Les collectifs de travail : angle mort de l’expérience utilisateur ?
Si l’expérience utilisateur fait désormais l’objet de préoccupations constantes dans les développements d’applications et de services, elle concerne plus spécifiquement les clients finaux mais quasiment jamais l’expérience « salariée » : c’est-à-dire des personnes qui sont impliquées dans la production desdits services. Les salariés sont souvent un angle mort des processus de conception.
Les méthodes agiles ont largement contribué à sensibiliser les entreprises sur la nécessité d’impliquer les utilisateurs dans leurs processus d’innovation de nouveaux produits ou services avec des boucles d’itération courtes. Néanmoins, une fois ceux-ci stabilisés, les processus de vente, pensés comme relevant de la diffusion, ne permettent plus aux usagers de bouger les cadres. Par ailleurs, on note bien souvent un manque de prise en compte de l’expérience des collectifs de travail. Tout se passe comme si, une fois que les produits ou services sont packagés, il n’existait plus de possibilités de les faire évoluer en fonction des contextes d’usages.
Or, la somme des usages individuels ne décrit un cadre d’usage collectif. Les entreprises achètent un produit « clé en main » qui impose une certaine construction des interactions de travail. Il paraît au contraire intéressant d’adapter les outils et les technologies choisis aux contextes d’usage, de façon à ne pas subir les transformations des organisations de travail. Il s’agirait ainsi de faire délibérément de celles-ci une occasion d’améliorer les conditions d’exercice de l’activité, de construire des environnements de travail qui soutiennent les capacités de travail et d’apprentissage en situation de travail.
Plusieurs questions se posent alors :
1) Comment les choix technologiques sont-ils discutés en entreprise ?
L’exemple de Novial – lauréat du premier appel à projet du Transformateur Numérique – sur la digitalisation de l’entreprise est intéressant de ce point de vue. Dans un contexte de transformation interne des métiers importante dans cette entreprise spécialiste de la nutrition animale, a été mise en place une démarche très collaborative, avec des groupes par métiers qui vont faire eux-mêmes les choix relatifs à la mise en place d’une plateforme d’analyse de données d’un réseau social d’entreprise, l’installation de capteurs, l’optimisation de la communication entre services ou encore la réduction de la pénibilité de certains postes en fonction des critères qui semblent les plus adaptés aux pratiques métiers, à la culture d’entreprise.

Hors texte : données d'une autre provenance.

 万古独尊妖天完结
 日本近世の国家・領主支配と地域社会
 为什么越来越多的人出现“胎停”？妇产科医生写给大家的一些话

2) Comment peut-on faire de la conception collaborative ?
On peut ici prendre l’exemple du centre Erasme – le laboratoire d’innovation de la métropole de Lyon – qui organise des sessions d’idéation/prototypage en réunissant des agents de niveaux hiérarchiques différents ainsi que des externes (start-up, designer) qui travaillent sur un plan d’égalité.
Le numérique, boîte noire de la participation ?

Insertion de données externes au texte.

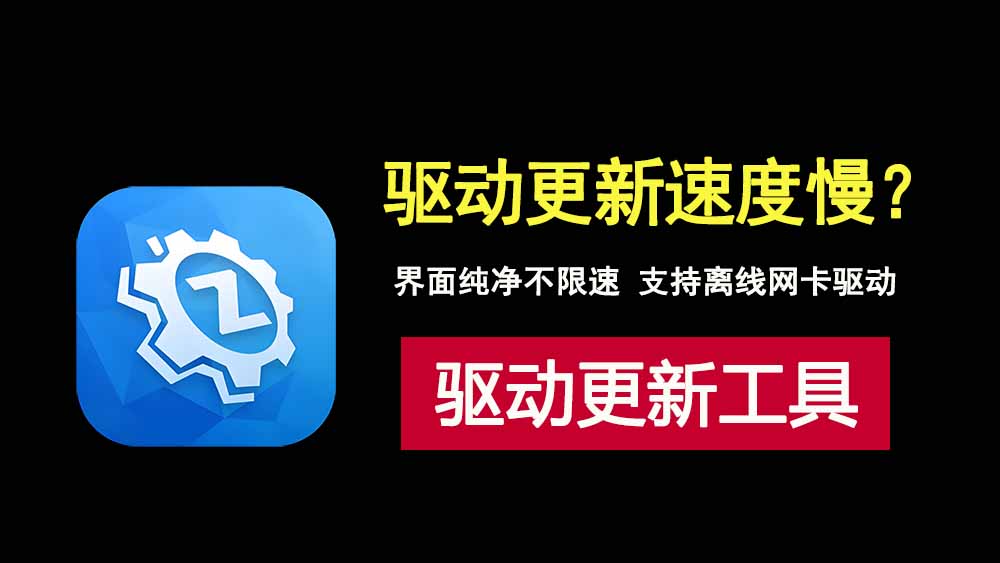 驱动总裁2.19.0绿色便携版，纯净不限速，内置网卡驱动！-科技乐小天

Le lien entre participation et numérique semble encore plus fort en ce qui concerne les usages de nouveaux outils. Ouverts à tous, favorisant des modes de fonctionnement horizontaux, faciles d’utilisation, transparents, gardant trace des échanges, pouvant articuler l’asynchrone et le temps réel etc. autant de qualités attribuées au numérique et qui semblent faciliter la participation de tous les acteurs des projets et in fine leur meilleure coopération.
On peut ici prendre l’exemple de Pulse@work d’Empreinte humaine – lauréat du premier appel à projet du Transformateur Numérique – qui est une application digitale, accessible à tous, permettant une expression directe des salariés et des managers sur le climat des équipes de travail, la qualité de vie au travail et la qualité du travail.

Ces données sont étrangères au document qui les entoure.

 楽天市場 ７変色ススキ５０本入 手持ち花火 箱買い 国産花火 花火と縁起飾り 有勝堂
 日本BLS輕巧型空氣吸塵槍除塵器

Tamashare – lauréat du troisième appel à projet du Transformateur Numérique – est une solution de téléconférence qui permet de partager une table virtuelle pour faciliter le travail collaboratif à distance.
Le concerteur – lauréat du premier appel à projet du Transformateur Numérique – est un projet expérimental artistique qui propose d’introduire un tiers désintéressé et non humain dans les échanges inter-hiérarchies afin d’améliorer l’écoute et de faciliter la participation du collectif.
Il est cependant utile de se rappeler que tous les outils numériques ne sont pas porteurs de ces principes. Et, au-delà des principes, se pose aussi la question des conditions d’usage.
Les outils numériques peuvent même parfois constituer des boites noires qui empêchent de fait la participation de tous sur les mêmes. De nombreux outils reposent sur des architectures inintelligibles, insaisissables ou impraticables, dès lors que ne sont pas pensés des dispositifs de traduction permettant leur compréhension pour les néophytes, voire les réfractaires aux nouvelles technologies.
Il arrive fréquemment que les outils opèrent une hiérarchisation et même des tris entre les contributions selon des modalités sur lesquels les utilisateurs n’ont du coup pas de prises. Ces opérations ne sont jamais neutres en ce qui concerne la place des participants, certains se trouvant alors dans des situations privilégiées vis-à-vis d’autres.
Dans les plateformes collaboratives, il est ainsi fréquent de distinguer des administrateurs et des contributeurs, les premiers pouvant par exemple souvent effacer les apports des seconds sans laisser de traces. Cette distinction peut créer d’importantes frustrations pour les participants d’un projet, surtout lorsque les rôles de chacun et leurs pouvoirs ne sont pas clairement établis en amont. La relation directe qui est souvent présentée comme étant l’apanage des outils numériques visant à mettre en relation les utilisateurs d’un service avec les producteurs ou encore les différents participants d’un projet peuvent masquer au contraire une invisibilisation des intermédiations qu’ils portent. Les outils numériques peuvent ainsi parfois laisser croire à des modes de fonctionnement horizontaux – cf. réseau social d’entreprises – quand les droits d’utilisation sont parfois très hiérarchisés.
Le défi des inégalités de compétences à la participation et au numérique
Enfin, certains analystes comme Julien Charles[1] ont bien compris que participer repose sur des compétences. Or celles-ci sont inégalement réparties. Le passage à une participation outillée numériquement peut aussi augmenter les inégalités, par exemple liées à la fracture numérique, rendant plus difficile aux acteurs les moins dotés de capitaux – notamment scolaires – de prendre leur place dans ces processus. Les liens entre participation et numérique sont donc moins clairs qu’il n’y parait de prime abord.
Comment profiter de potentialités des technologiques numériques, de la mise en réseau, de l’exigence de transparence, de la possibilité de contrôle réciproque, etc., pour enrichir les processus de participation dans l’entreprise ?
Un appel à projet sur la participation des salariés à la transition numérique
C’est la raison pour laquelle le nouvel appel à projet du Transformateur Numérique s’est intéressé à la participation des salariés à la transformation numérique des organisations. Faire en sorte que numérique et participation se rejoignent afin de contribuer à l’accélération de projets favorisant QVT et performance des organisations : tels sont les objectifs portés par ce dispositif.
[1] Julien Charles est sociologue, chargé de recherches au FNRS, chercheur au GSPM-IMM-EHESS et au CriDIS-UCL. Il a publié en 2016 « La participation en actes : entreprise, ville, association », Paris, Desclée de Brouwer.